When you first arrive, you will be led to a waiting room. An advocate will be present to greet and orient you to the process. You may also request a tour of the center. The child will then be taken to the interview room by a trained forensic interview specialist whom has extensive knowledge about child development and abuse considerations. The other team members will be present, but in another room where they will view the interview via a closed circuit camera. This process keeps the number of times a child or dependent adult must tell what happened to them to a minimum. Interviews last about an hour (average) and are video and audio taped.

Can I observe the Interview?

Knowing that a parent/caregiver is listening can influence the ability of a child to disclose. In order to maintain the neutrality of the interview, parents and caregivers are not allowed to be present or to observe an interview. Only those people who are directly involved in the investigation may observe the interview. Families will have the opportunity to meet with an advocate so that the legal process and all available resources can be addressed with them, in addition to answering questions that they might have.

What do I tell my child about coming to the MDIC?

It is important that a child or dependent adult be informed of what to expect when coming to the MDIC. A parent/caregiver may say:

“We are going to talk to someone who needs to know what happened. This person talks to kids and dependent adults all the time about similar things. When you talk, it will be videotaped. This is so that there is a record of what you talked about. The detective will keep the recording. It will not be on TV or on the internet. Only people involved in the case will see it. You need to tell the truth and tell everything that you remember. You’re not in trouble. We just want to make sure that we understand everything that happened and that you are safe. I will not be in the room with you, but will be waiting for you right outside if you need me.”

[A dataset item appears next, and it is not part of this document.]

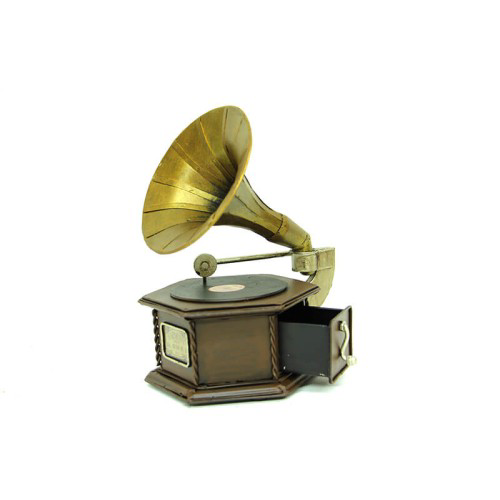 Metal Dekoratif Gramofon Metal Dekoratif Gramofon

What will happen after the MDIC?

You will be able to speak with the detective and ask questions after the interview. Your child may still need to testify in court about what happened. Supportive services may be available to you and your child throughout the process. Speak with your advocate for additional information. Medical evaluations may sometimes be necessary to determine injuries and/or collect physical evidence. Our medical providers have extensive experience in child abuse. They will conduct the evaluations and may make additional treatment recommendations. They will reassure your child or dependent adult about his/her health and answer any questions for the child and their family. If a medical evaluation is determined to be necessary, an advocate is available to remain with the child during the evaluation.